# Power Steering Fluid Flush



## netdude (Mar 6, 2005)

would anyone have directions have instructions for a power steering flush? thanks


----------



## Pinecone (Apr 3, 2002)

All I have even done is suck out as much fluid as I could, then refill.

If you really wanted to clena it out more, go for a drive and repeat.


----------



## rickmccl (Mar 8, 2005)

In the same Google search that brought me to this thread, I found this PDF file on UnofficialBMW. The PDF is from ZF, and it details the rack flush procedure.
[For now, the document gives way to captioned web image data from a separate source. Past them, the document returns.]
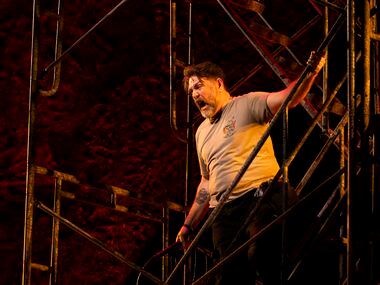 Baritone Michael Mayes performs during staging rehearsal on a scaffolding made by Dallas...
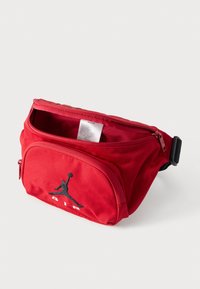 Κόκκινο τσαντάκι μέσης από ύφασμα με κύριο διαμέρισμα με φερμουάρ, μπροστινή τσέπη με φερμουάρ και μαύρο λογότυπο Air Jordan. Περιλαμβάνεται ρυθμιζόμενος ιμάντας.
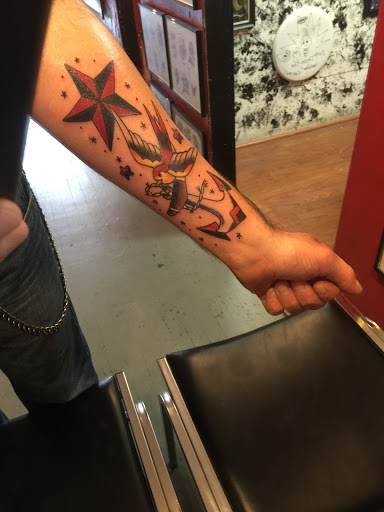 Explore knuckle tattoo ideas, creative tattoo ideas in Canal Fulton, available at Archangel Tattoo & Art Gallery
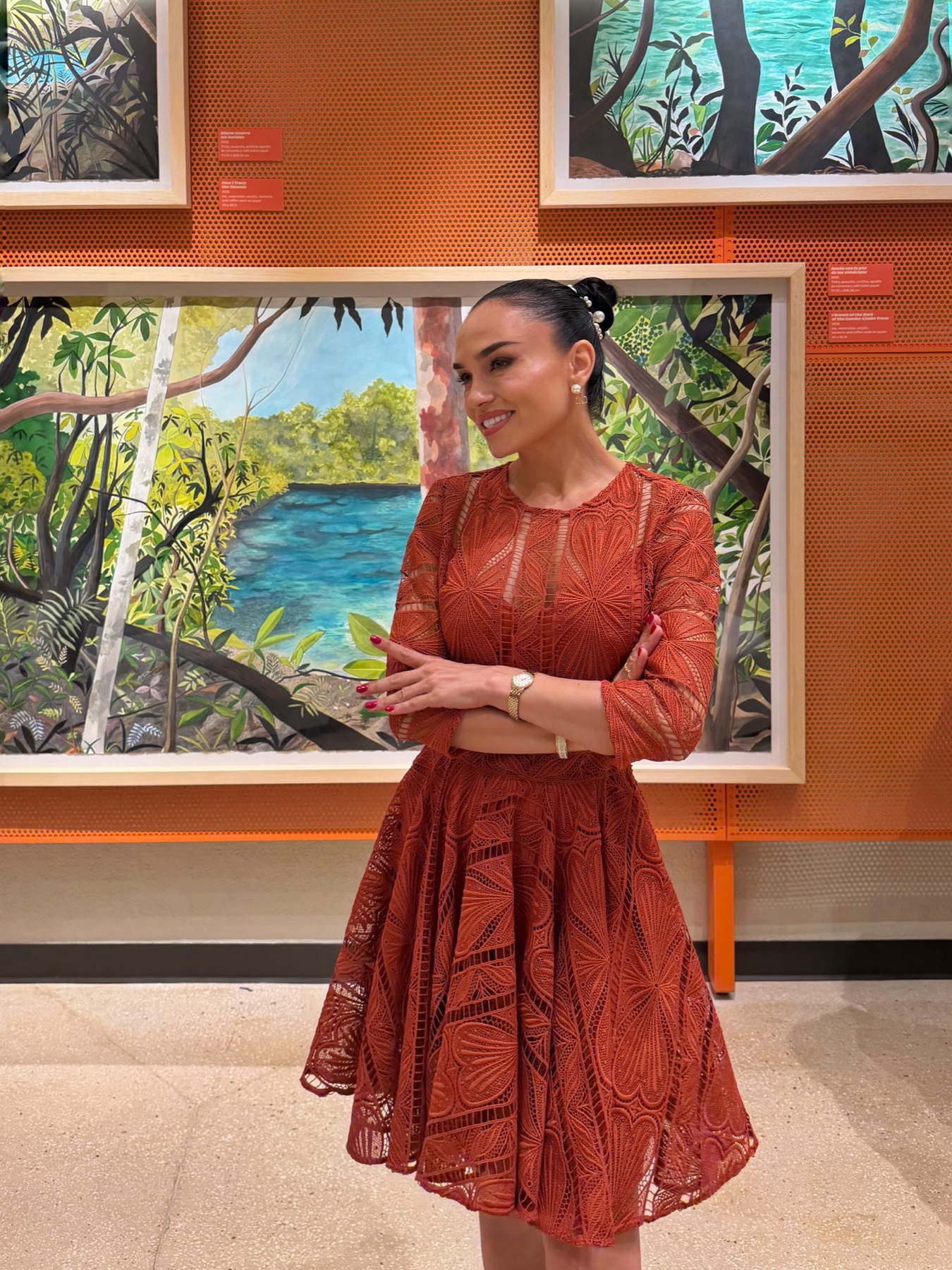 Galina in a rust-coloured dress viewing artworks at Centro Cultural Rainieri in Punta Cana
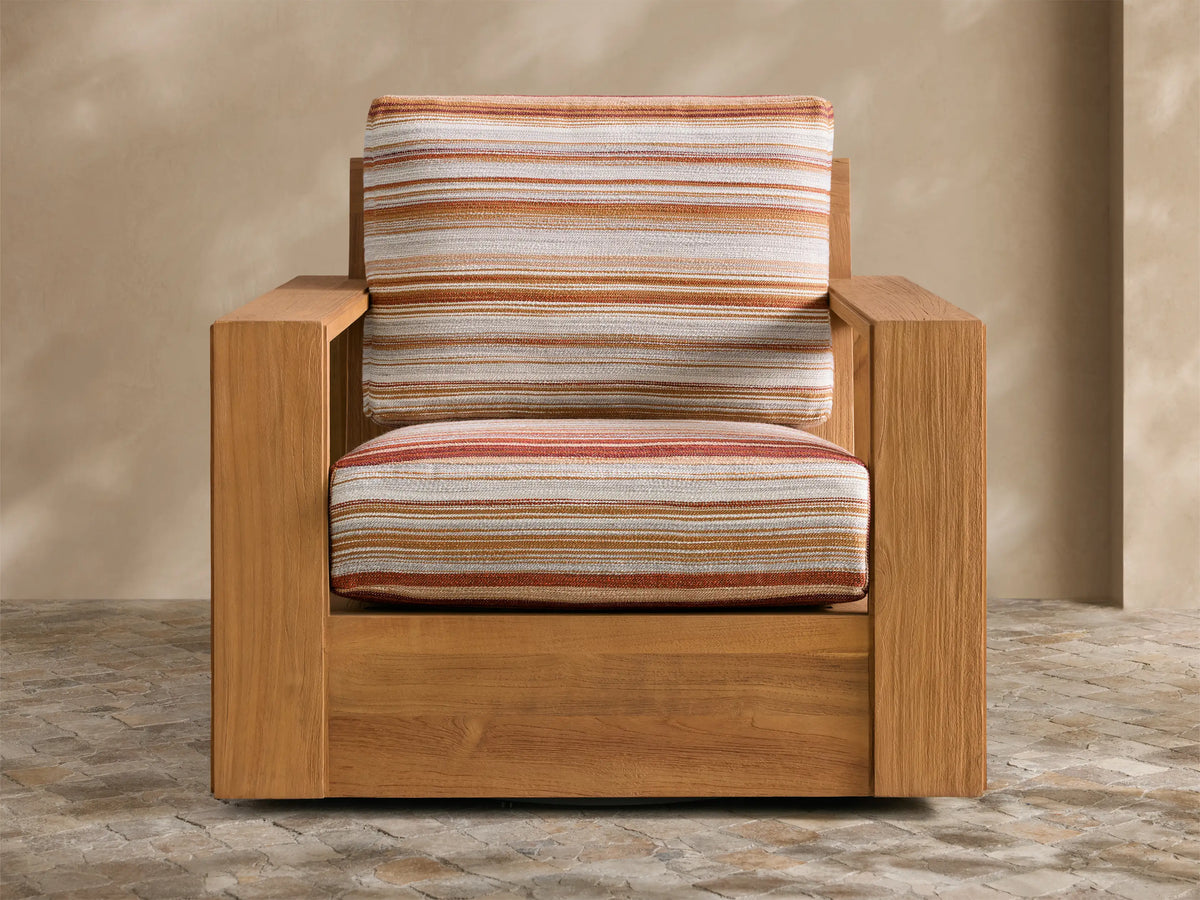 Canyon Outdoor Teak Swivel Chair, angled front-right, with warm brown teak frame and striped orange/white/red cushions on a patio.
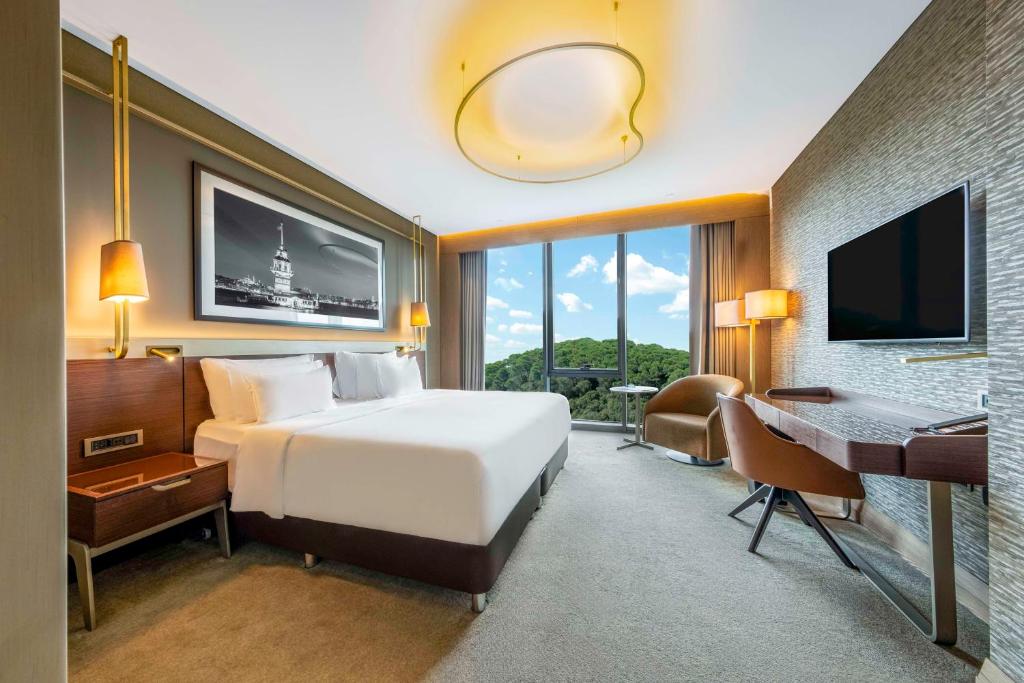 a bedroom with a bed and a desk and a computer at Radisson Collection Hotel, Vadistanbul in Istanbul
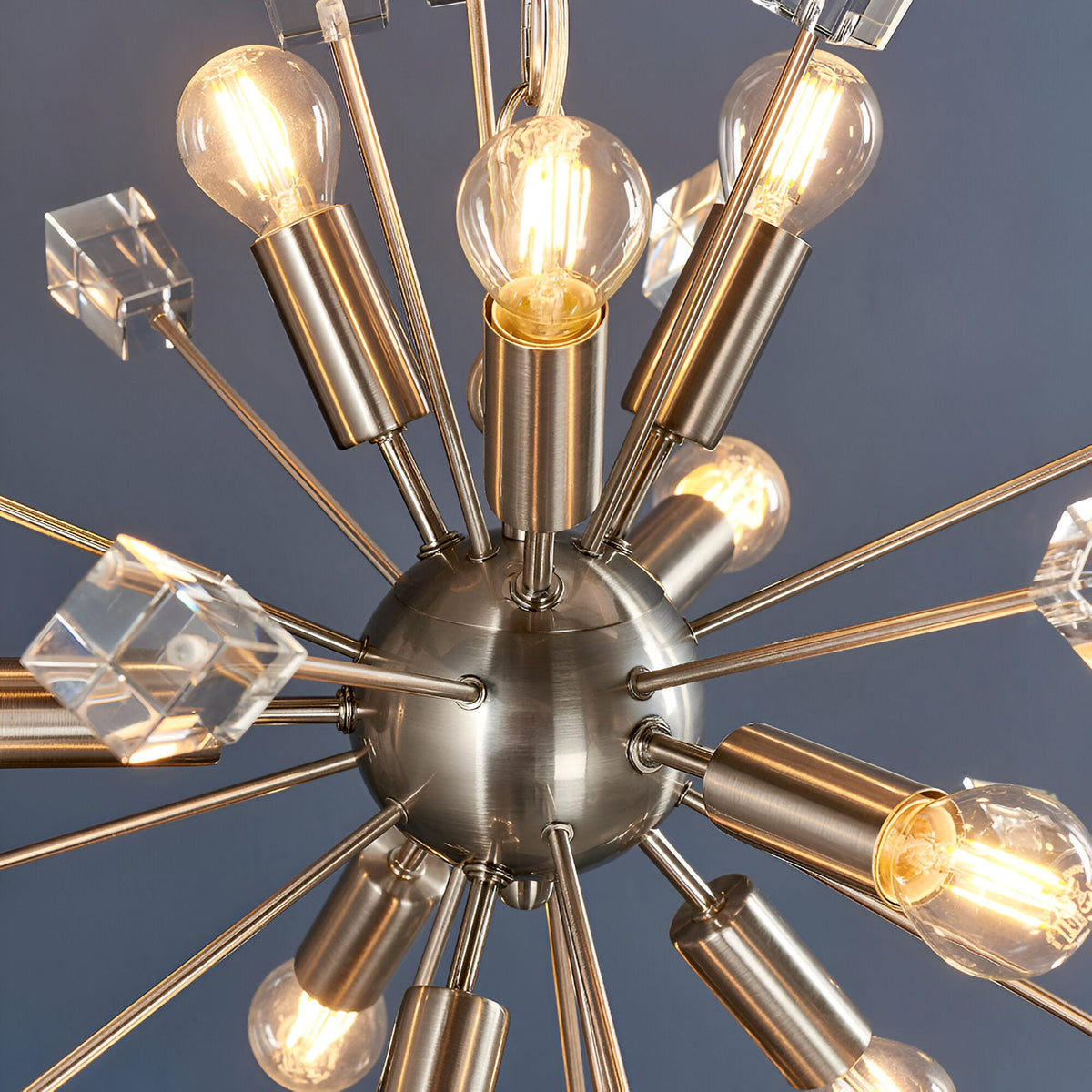 Close-up of the Carlgrove 9 Light Pendant in satin nickel, showing radiating rods with clear crystal glass cubes and exposed bulbs around a central sphere.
It is the same as has been on the tech section at bmwe30.net and I think it's in the Bentley too.

http://www.unofficialbmw.com/images/steering-flush.pdf

I think ZF skips over the fact that when you disconnect the banjo from the pump, the reservoir will tend to drain out the hose, so emptying the reservoir with a turkey baster first is a prudent move.

to sum it up, you disconnect the return line from the reservoir and let it spit into a jug, then pour more ATF into the reservoir while turning the wheel back and forth.

Better shops have pressurized equiment to connect to the system and flush it out.

Edit:
don't forget to check the proper fluid type; most Bimmers use Dexron-II ATF, the stuff in the bottle labeled 'power steering fluid' can't take the pressure.


----------